Sadly for Jason Tanz, the lasting contribution of Other People's Property to the ever-thickening ranks of hip-hop scholarship is destined to be one word. Even more unfortunately, that word is "Wegro," and Tanz is its inventor.
"Wegro," Tanz tells us, is "a contraction of white and Negro." The author has created this term out of a desire to differentiate between what he sees as two species of white hip-hop fans. One group "seeks countercultural flash" through hip-hop and focuses on "the ways African-Americans are different from white people." "Wegroes," meanwhile, listen to hip-hop in the hopes of "transcending their racial identities" and emphasizing "the ways we are similar."
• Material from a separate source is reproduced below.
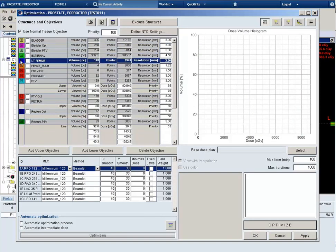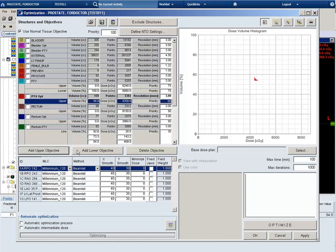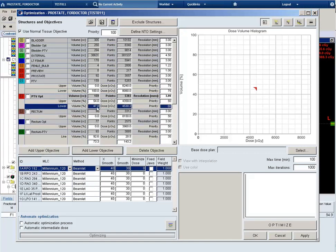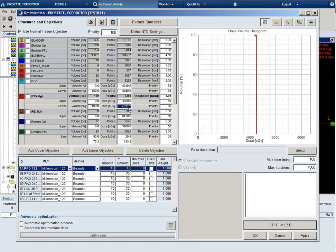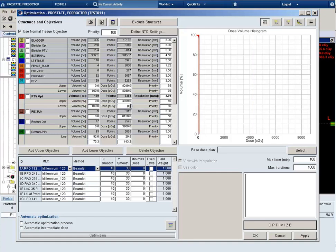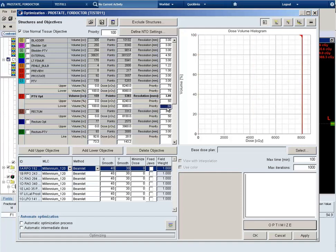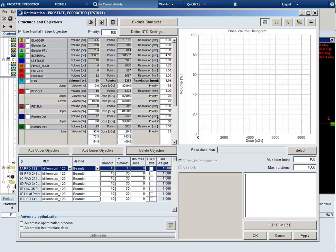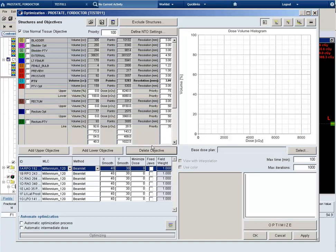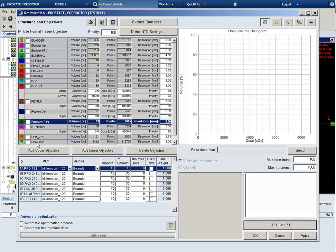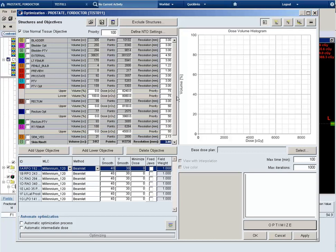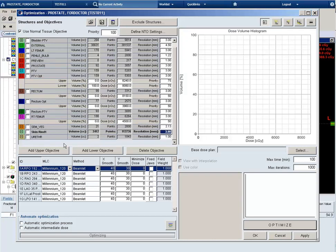So I'll create an upper and lower objective for the PTV opt. I'm just transferring the same dose constraints and priority from the PTV. I will then delete the PTV constraints. And this will help improve our coverage superiorly.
Where to begin? Probably with Tanz's assertion that Negro "carries with it an air of respectability, dignity, old-school nobility ... an almost quaint belief in the possibility of finding common ground between well-intentioned people of all races." The outright ahistoricality of such a claim — and Tanz's audacity in championing a word long rejected as derogatory by those to whom it was once applied — can hardly be overstated, never mind explained. Perhaps if he'd tested the word's ability to evoke such halcyon days by bandying it about his Brooklyn neighborhood, the resultant collection of incredulous stares and bruised body parts would have caused some rethinking.
In order to bolster the legitimacy of "Wegro," Tanz links it to a series of public people, implying their approval. He claims that author and activist William Upski Wimsatt is "one of hip-hop's best known Wegroes," then recruits actor Danny Hoch, and finally states that author Bakari Kitwana has profiled dozens of Wegroes and sees in them "the dawning of a new reality of race in America." The quote is from Kitwana's most recent book, Why White Kids Love Hip Hop, but Tanz manipulates it to seem like an endorsement of his word.
Most objectionable, though, is the way a construct like "Wegro" reveals Tanz's inability to perceive blackness as anything but a foil for whiteness: something to study not for its own sake, but only as a lens through which to examine the souls of white folks. Consistently absent from Other People's Property is the kind of multifaceted conception of blackness that would allow the project of defining white hip-hoppers — their motivations, ironies, and impacts — to move beyond simple formulations about appropriation, voyeurism, and identity.
Tanz, an editor at Fortune Small Business, toggles between personal reminiscence (the tortured relationship between his whiteness and his love of hip-hop serves as both a point of entry and a leitmotif), punditry, and quite capable journalism. His shadow history maps a whimsical path across hip-hop America. Stops include a breakdancing class in tony New Canaan, Connecticut, the suburban home studio of Johnny Crack, an unknown rapper whose identity involves embodying "gangsta" stereotypes to the point of farce, and a gaming convention where "nerdcore" rappers rhyming about computer programming are marquee stars.
Tanz's prose is lively, and he situates his subjects aptly within the larger context of hip-hop's history, but his insights are seldom striking. He chronicles the various reactionary forms that white relationships to hip-hop culture take, but there is little here that is new. Tanz can chronicle the contributions of Norman Mailer, Carl Van Vechten, and Al Jolson to our understanding of white cultural crossover, but has little to add beyond the kind of handwringing about white incursion that has long been de rigueur. He's (correctly) worried about hip-hop, and the power of white kids to ruin it through ignorance, earnestness, and economic sway, but the book never pulls back to consider the larger stakes. It is concerned primarily with white people — as is evident when Tanz, in a discussion of gangsta rap, posits that blacks are "attractive only because they are so exciting and scary and alien, so very different from you and me." But if a white "you and me" are the only participants in Tanz's conversation, and hip-hop is important simply as a site of authentic blackness that makes whiteness momentarily visible, then hip-hop's true significance — as a culture rooted in resistance, with the power to push for social justice — is bound to disappear.
This tension is indicative of a growing divide in hip-hop studies. On one side are scholars interested in hip-hop as a liberatory tool; on the other are those invested in hip-hop for its own sake. Tanz seems caught between the two. He understands hip-hop's greater meaning, but his conception of how to address the question of whiteness leads him far afield, into the easily analyzed, marginally relevant provinces of nerdcore and New Canaan.
Tanz sometimes appears to dwell deliberately on the outskirts of the culture, not because it's where exciting developments are unfolding, but because he's more interested in pointing out the absurdities and contradictions of white hip-hoppers than he is in digging deeper. When he does train his attention on the mainstream, his analysis suffers. No book on white hip-hop can avoid Eminem, but Tanz's discussion of the rapper's biopic 8 Mile is so focused on the matrix of race that he fails to address the issue of class — central not just to the film but to Eminem's career. The rapper's argument for his own legitimacy, writ large in 8 Mile, is that class trumps race, and thus his poverty gives him purchase. Tanz never backs up far enough to make this basic point.